• Action item:
Pictures aside, return every line below exactly as written.
--------------------------------------------------
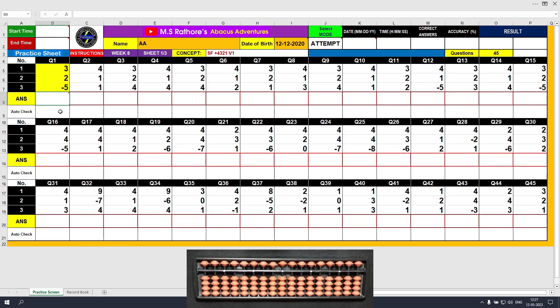Welcome to week 8 of Abacus Adventures. This is sheet 1 of 3 and the concept here is small friends plus 4, 3, 2, and 1. All four formulae of small friends plus are covered here. This is variant 1, so that means we have variant 1, variant 2, and variant 3 this week covering all four small friends plus formulae.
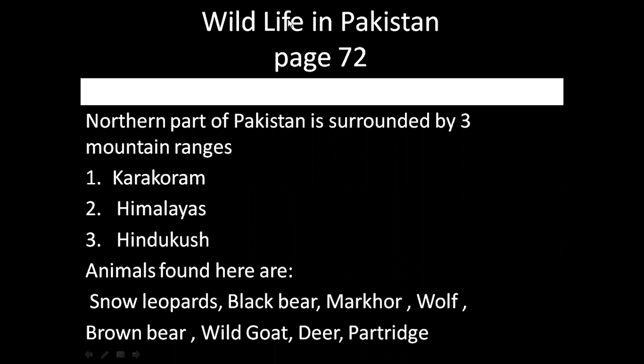Today we will study Wildlife in Pakistan on page number 72. We will discuss this topic in this lecture.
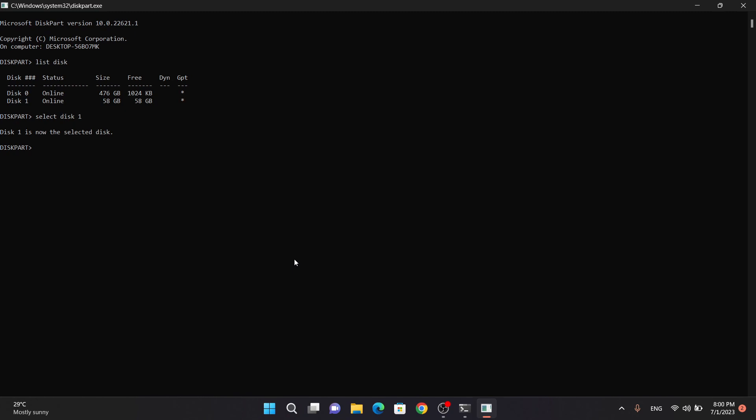Once the disk is selected, we'll clean the disk to remove any existing partitions or corrupted data on it. Be cautious, as this command will erase all the data on the disk.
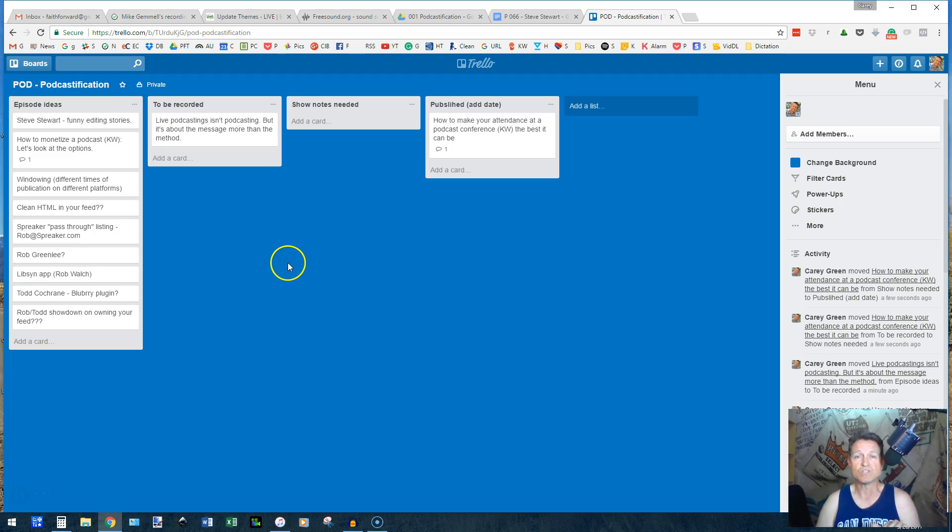So just an idea, how to use Trello for podcast episode ideas and workflow tracking.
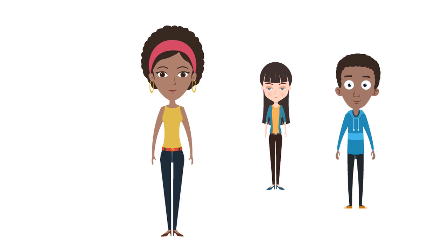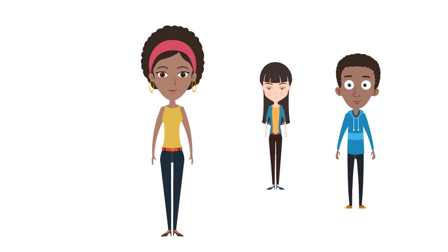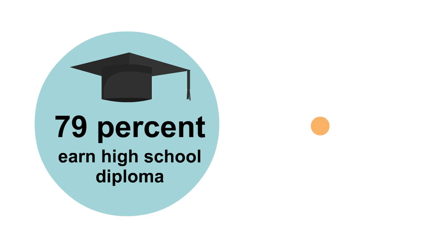This is the case for many of my peers who leave foster care to fend for themselves. Our high school graduation rate is much lower than average, and only half of us land a job by age 21.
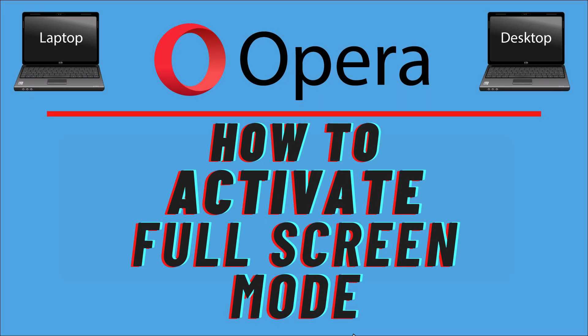This is going to be a video tutorial on how to activate the full screen mode in the Opera web browser. I will be using a desktop PC for this.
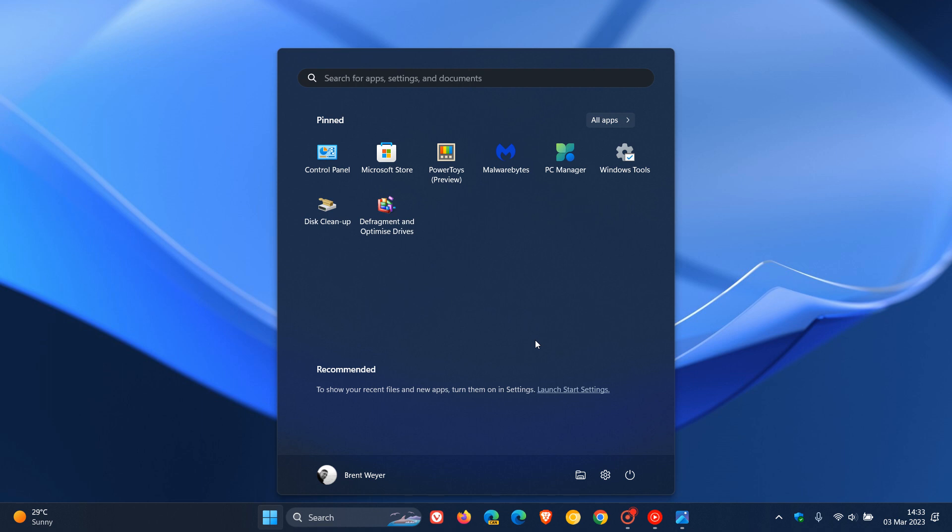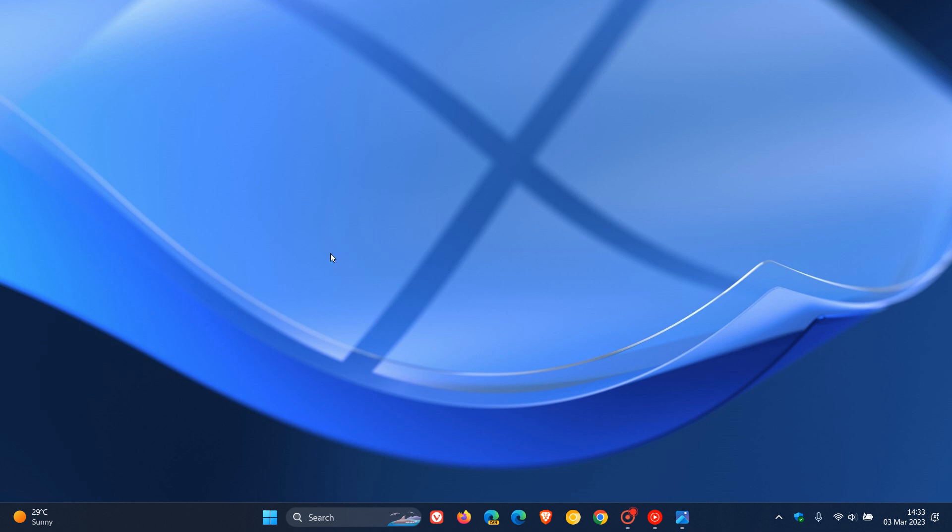And this could all be set to change because according to a recent leak and a hidden feature that was once again spotted by the Windows enthusiast Phantom of Earth over on Twitter, in the recently released Windows 11 Insider Dev Build 25309, which I did post on earlier today and I'll leave a link to that video in the description,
--------------------------------------------------
• Answer for this exercise:
Welcome to week 8 of Abacus Adventures. This is sheet 1 of 3 and the concept here is small friends plus 4, 3, 2, and 1. All four formulae of small friends plus are covered here. This is variant 1, so that means we have variant 1, variant 2, and variant 3 this week covering all four small friends plus formulae.
Today we will study Wildlife in Pakistan on page number 72. We will discuss this topic in this lecture.
Once the disk is selected, we'll clean the disk to remove any existing partitions or corrupted data on it. Be cautious, as this command will erase all the data on the disk.
So just an idea, how to use Trello for podcast episode ideas and workflow tracking.
This is the case for many of my peers who leave foster care to fend for themselves. Our high school graduation rate is much lower than average, and only half of us land a job by age 21.
This is going to be a video tutorial on how to activate the full screen mode in the Opera web browser. I will be using a desktop PC for this.
And this could all be set to change because according to a recent leak and a hidden feature that was once again spotted by the Windows enthusiast Phantom of Earth over on Twitter, in the recently released Windows 11 Insider Dev Build 25309, which I did post on earlier today and I'll leave a link to that video in the description,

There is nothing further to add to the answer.